With the AllegroGraph semantics graph platform Los Alamos National Labs is able to disambiguate names with a 99% level of accuracy. Their framework can disambiguate and resolve names of different spellings, abbreviations, or just initials while connecting these people to other people, events, geographic locations and other conceptual data.
Mirroring (the) natural thought process we have created a prototype framework for disambiguating entities…
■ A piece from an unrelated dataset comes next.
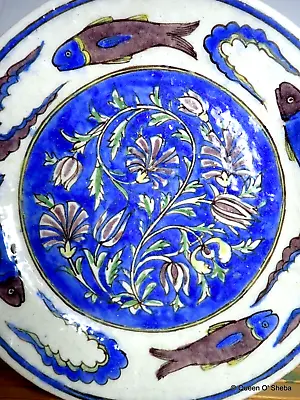 Buy Middle Eastern Iznik Style Pottery Charger Dish Plate Large Fish Blue Antique~ • 195£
– Los Alamos National Labs
Their Goal
Build a scalable application for processing terabytes of names and co-incident data using a demonstration dataset of structured and semi-structured bibliographic metadata to resolve authors, co-authors, all their associated publications, and shared affiliations.
Their Challenges
Disambiguation of people’s names – for spelling variants, nick-names, misspellings, abbreviations
Uncovering entity relationships:
- Events
- Locations
- Other people, items
- Conceptual
Structured and semi-structured data
Scalable architecture for terabytes of content spanning multiple repositories and forms
Uncover relationships not discoverable by traditional name matching
The Solution
Allegrograph Semantic platform:
RDF, triple store and ontology platform
Social Network Analysis query feature
- Analysis of connectedness, clusters of people and centrality
Identify affiliations/relationships
AllegroGraph triple store API
Custom triple store calculations
Gruff – graph database visualization and query creation
Commercial applications text extraction, open source for phonemes, extraction and open source
The Benefits
This proof-of-concept for Los Alamos is the foundational work for identification of inter-relationships that represent potential threats to national security.